La justicia dictó prisión preventiva para Walter David L. R., alias “Walter”, cabecilla de Los Lobos, tras un operativo militar en Quito donde se hallaron explosivos y armas.
Las acciones orientadas al control del orden público permitieron la detención de un presunto cabecilla de la organización delictiva Los Lobos en Quito. La intervención se llevó a cabo el pasado 29 de julio de 2026, como se informó en una nota periodística publicada en este Medio, amparada en las disposiciones del Decreto Ejecutivo No. 423 que declara el estado de excepción en Pichincha y otras provincias.
Personal de las Fuerzas Armadas ejecutó un allanamiento táctico en un inmueble localizado en el sector Ciudad Bicentenario, al norte de la capital, logrando la aprehensión en flagrancia de Walter David L. R., alias “Walter”.
El implicado enfrenta cargos formales por el delito de tráfico ilícito de armas, una figura legal severamente sancionada debido al riesgo inminente que representan estos elementos para la seguridad ciudadana y el orden institucional en el territorio nacional.
Durante la inspección minuciosa del domicilio y de los vehículos vinculados al sospechoso, los uniformados descubrieron un arsenal considerable.
En la cajuela de un automotor se hallaron cinco tacos de dinamita artesanal, mientras que otros nueve fueron localizados en el interior de la vivienda. Los informes técnicos especializados determinaron que el material explosivo incautado poseía un alto potencial destructivo y un grado crítico de inestabilidad, motivo por el cual las autoridades procedieron a su destrucción inmediata mediante una detonación controlada.
Asimismo, en poder de alias “Walter” se confiscaron dos armas de fuego —una de fabricación industrial y otra artesanal— plenamente aptas para efectuar disparos, municiones de diversos calibres, nueve teléfonos celulares, una computadora portátil y un chaleco táctico con la inscripción distintiva de la Policía Nacional.
Adicionalmente, el personal interviniente ubicó mercancía consistente en cigarrillos de contrabando y bebidas alcohólicas presuntamente adulteradas, ampliando el espectro de las indagaciones sobre sus actividades ilícitas previas vinculadas al sicariato y al secuestro en la región.
La Fiscalía General del Estado judicializó el caso presentando pruebas contundentes durante la audiencia de calificación de flagrancia. Entre los elementos de convicción expuestos por el agente fiscal constan las versiones de los miembros de las Fuerzas Armadas y de la Policía Nacional que participaron en el operativo, el informe técnico pericial balístico, el peritaje de reconocimiento y avalúo de evidencias, las pruebas de campo, así como el análisis de seriales y revenido químico del automotor implicado.
Con base en este sustento probatorio, un juez de la Unidad Judicial Penal con competencia en infracciones penales dictó la medida cautelar de prisión preventiva contra el procesado. Además, la autoridad judicial determinó un plazo de 30 días para el desarrollo de la instrucción fiscal, dada la condición de flagrancia en la que se perpetró el delito.

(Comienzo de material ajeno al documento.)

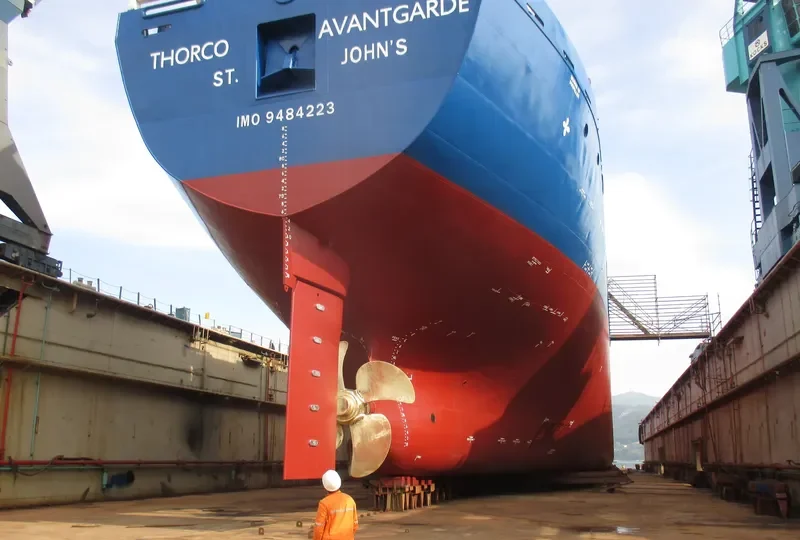BBC NAPLES General Cargo IMO 9484223 photo 9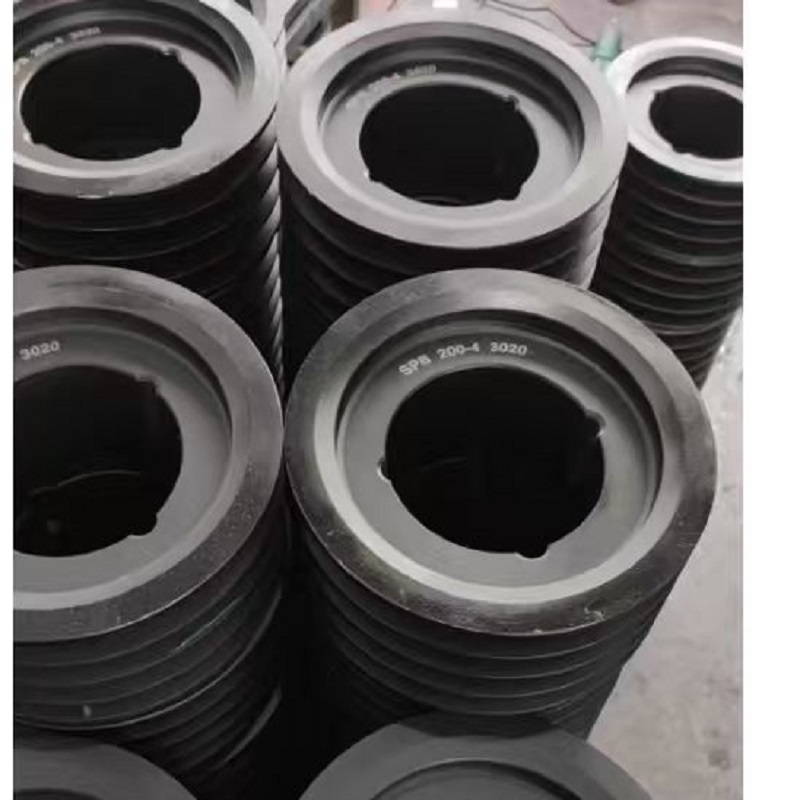 国产皮带轮170-48 （48孔标准键槽14）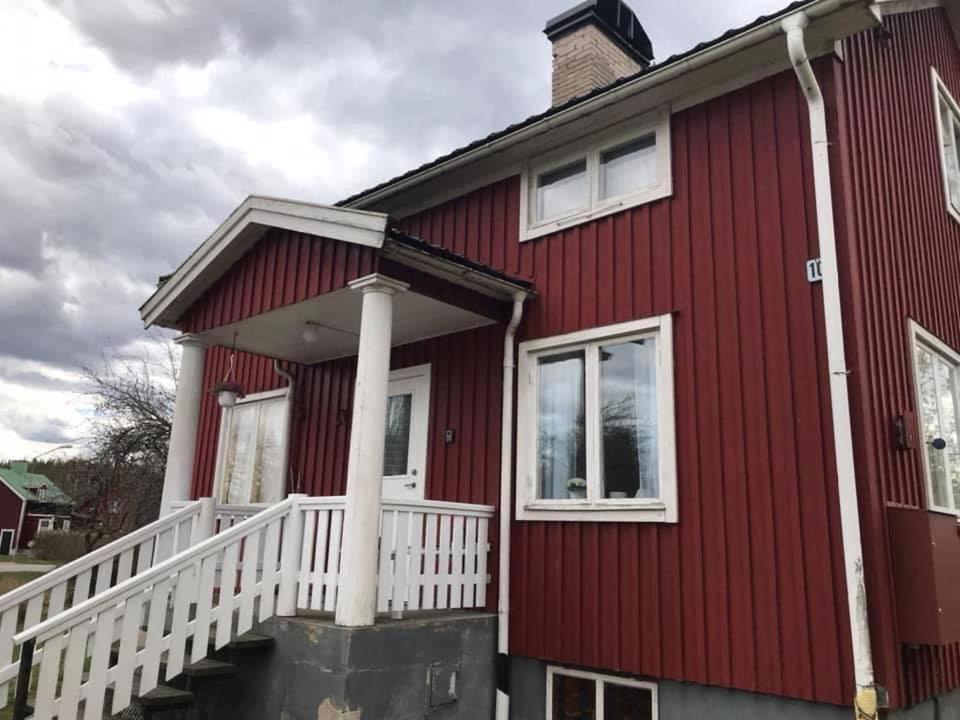 Fredriksberg House | Säfsen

El proceso penal seguido contra el individuo se fundamenta estrictamente en la normativa ecuatoriana vigente. La tipificación legal aplicada por la Fiscalía corresponde al artículo 362, inciso primero, del Código Orgánico Integral Penal (COIP), cuerpo normativo que sanciona drásticamente el tráfico ilícito de armas de fuego, así como de sustancias o artefactos letales.
Las investigaciones continúan su curso para determinar la procedencia exacta del armamento y la posible participación de otros actores dentro de esta red criminal que opera en Quito.